Katarzyna Piątek: Niezmiennie od wielu lat najważniejszym dla mnie artystą jest Vincent van Gogh. Bardzo ważny dla mnie jest nie tylko pod względem samych obrazów, ale całościowo, jako człowiek, którego mogłam poznać jedynie za pomocą książek. Wzrusza mnie jego pokorna postawa wobec życia i własnej twórczości. Jego obrazy są pełne życia i nostalgii jednocześnie. Natomiast twórcy, z którymi mam jakieś powiązania estetyczne i których cenię to Katarzyna Józefowicz, Stanisław Fijałkowski, Ryszard Otręba, Roman Opałka, Hans Hartung, Lucio Fontana, Mark Rothko, Alberto Burri.
Marta Krajenta: Czyja twórczość spośród artystów zrzeszonych z Flow Art House podoba Ci się najbardziej i dlaczego?

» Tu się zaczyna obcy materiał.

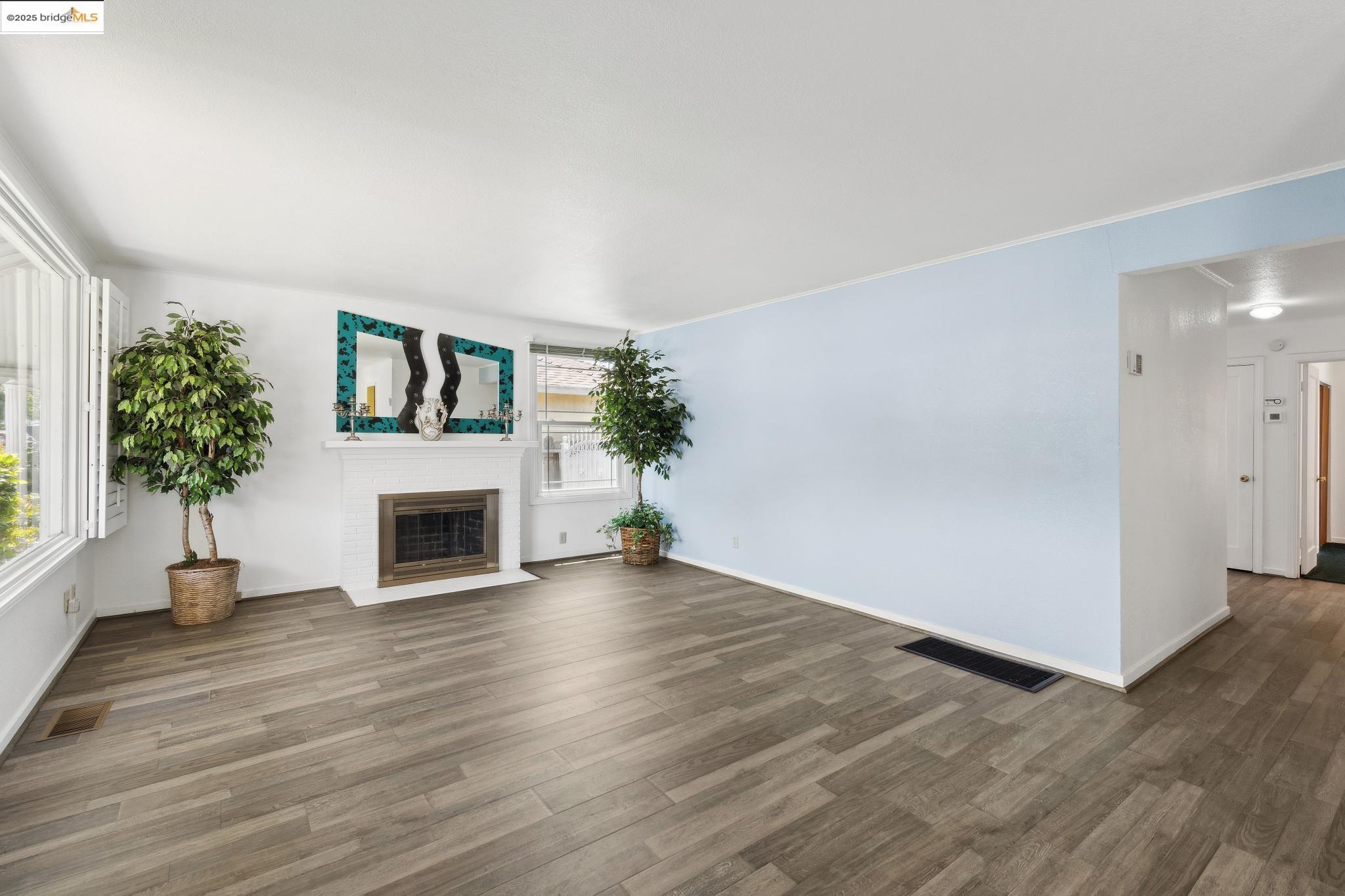 Detail Gallery Image 12 of 51 For 527 Capistrano Dr, Oakland,  CA 94603 - 3 Beds | 1 Baths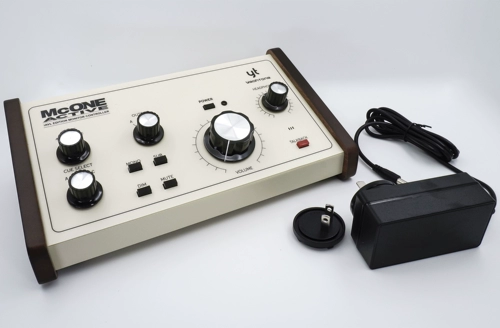 National Bank Yeastone McOne Active Recording Studio имитирует активный контроллер мониторинга аудио с Intercom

Katarzyna Piątek: Już od jakiegoś czasu bardzo cenię sobie twórczość Juliusza Kosina, przede wszystkim za minimalizm i siłę koloru w jego obrazach. Szczególnie cykl „Wzgórza” jak i „Płonący” są wręcz hipnotyzujące. Uproszczenie i zgeometryzowanie rzeczywistości w obrazach Julka jest znakomicie wyważone, na żywo przy tych pracach chcę się na dłużej zatrzymać i myślę, że jest to jeden z czynników, po którym poznaję, że patrzę na coś wyjątkowego. Drugim takim czynnikiem jest poczucie potrzeby tworzenia w momencie oglądania czyjejś pracy. Na pewno bardzo bliskie estetycznie są mi prace Katarzyny Jarząb. Jej prace również cenię za minimalizm, konsekwencję i przepracowanie podjętego tematu prac. Bardzo podoba mi się oszczędne użycie koloru oraz delikatność i ulotność w pracach Kasi. Myślę, że o podobnej estetyce i wrażliwości są również prace na papierze Konrada Peszko. Te prace, podobnie jak dwóch poprzednich osób cenię za prostotę i syntezę form, które przedstawia na swoich rysunkach i obrazach. Kolejną osobą, której prace przykuły moją uwagę, jest Johanna-Josefina Alanko i jej cykl ceramiczny „Jajka świata”. Niesamowicie podoba mi się pomysł przedstawienia w tej formie elementów świata, wyobrażonych przez artystkę. Są bardzo intrygujące i działające na wyobraźnię, w dodatku piękne kolorystycznie. Fotografie Natalii Miedziak-Skoniecznej także należą do moich ulubionych. Podoba mi się, że artystka przedstawia na nich postać w symbiozie z naturą i robi to w tak prosty, a mocny sposób – niczego nie ulepszając, pozostawiając piękno samo w sobie. Rzeźba Beaty Szczepaniak pt. „Wazon rozczarowany swoją funkcją” absolutnie mnie urzekła i przekonała do tego, że to miejsce może gromadzić bardzo ciekawych i inspirujących ludzi. Ze swojej strony chciałam podziękować za zaproszenie mnie do Flow Art House, jest mi bardzo miło, że moje prace mogły się tu również znaleźć.
Marta Krajenta: Ja również dziękuję i nie mogę się doczekać kolejnych Twoich projektów.